The roughly 1,750-node Module #21 is interesting because it is comprised almost entirely of influential users with “NIOSH” in the name and the friends of those users. NIOSH, nioshbreathe, NIOSH_TWH, NIOSHMining, NIOSHConstruct, NIOSHNoise, NIOSHFACE, NIOSH_NPPTL, NIOSHFishing, NIOSH_MVSafety, NIOSHOilandGas, etc. A quick web search reveals that NIOSH stands for the National Institute for Occupational Safety and Health, a part of the CDC. The NIOSHespanol subgroup is related to this one but more of an outlier at the periphery with fewer links to the center of the module — probably due to language or regional differences between individual users — whereas USDA (United States Department of Agriculture) is at the very edge of the graph, sharing many similar friends with the other influential US government nodes of Module #16.

A second group with about 1,750 nodes is Module #41, comprised of even more influential nodes and users related directly to the CDC — DrNancyM_CDC, CDC_TB, CDC_DASH, cdchep, CDCPIN, CDCSTD, DrDeanCDC, etc. Many other nodes in this group are also health-related, such as InjectionSafety, lapublichealth, and the peripheral subgroup under AmericanCancer.

The final module worth mentioning is the around 1,500-node Module #15, whose most influential nodes one again revolve around the topics of health, particularly HIV — with HIVGov, talkHIV, HIVinfo_NIH being some of the most prominent next to DrMerminCDC, nationshealth, ANACnurses, and the peripheral subgroup under HamCoHealth.

After that, the next 6 modules begin to decrease in size, density, centrality, and influence. While some of these modules maintain some proximity to each other, their connections are loose and they become less relevant to the rest of the graph with every drop in their total node percentages. By the time we reach the 13th largest module, it only contains 1.96% of the whole network, and any group after that is not worth mentioning.

The only extra modules that generate some intrigue are the two that are so far away from the rest of the network that they stand out in their own right — one subgroup based on Todobebe, a Spanish-language Twitter account about fertility and infant health, and another subgroup based around HomeDepotFound, the Home Depot Foundation.

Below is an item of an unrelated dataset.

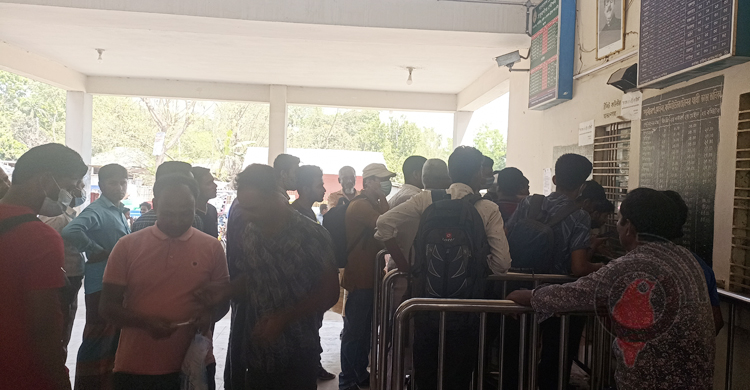 ঠাকুরগাঁওয়ে কালোবাজারে ট্রেনের টিকিট: ভোগান্তিতে যাত্রীরা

Distant modules under Todobebe (left) and HomeDepotFound (right)

Limitations

While the project ended up being unexpectedly large in scale, it was also severely limited by it. First, the rate limits of the API prevented a full retrieval of all friends and friends of friends of CDCgov within a reasonable amount of time, which would have resulted in over 650,000 individual users if time constraints were not a concern. On top of that, Tweepy extracts Twitter friends and followers in the order in which they were added, so the list of actual friends we ultimately obtain is arbitrary. As a result of these factors, this analysis was incomplete from the start. However, even 35,000 users is such an enormous number of nodes that it makes the graph nearly indecipherable. There is simply no way to inspect that many Twitter accounts without relying on other data analysis software. We may be able to point out interesting nodes with recognizable usernames and high levels of centrality or influence, and we may be able to identify some of these users’ interests based on the names of other users in their modules, but without extracting more detailed information from their Twitter accounts there is no way to perform a real assessment on them, or what it means for them to be friends with the CDC.

Conclusion

Unfortunately, the only major insights we can gain from this analysis are predictable ones — that the most central users this network are other branches of the CDC, that the majority of other well-connected users in the CDC’s social media network are related to government agencies and health organizations, and that the few users who aren’t as relevant to these subjects are also less-connected to other users throughout the rest of the network. In hindsight, thinking that we can make a judgement on the character of the CDC based on its social media network sounds like a flawed concept to begin with. Without extensive research into each individual user and the ability to quantify their personal characteristics into something measurable, the results of this project are inconclusive.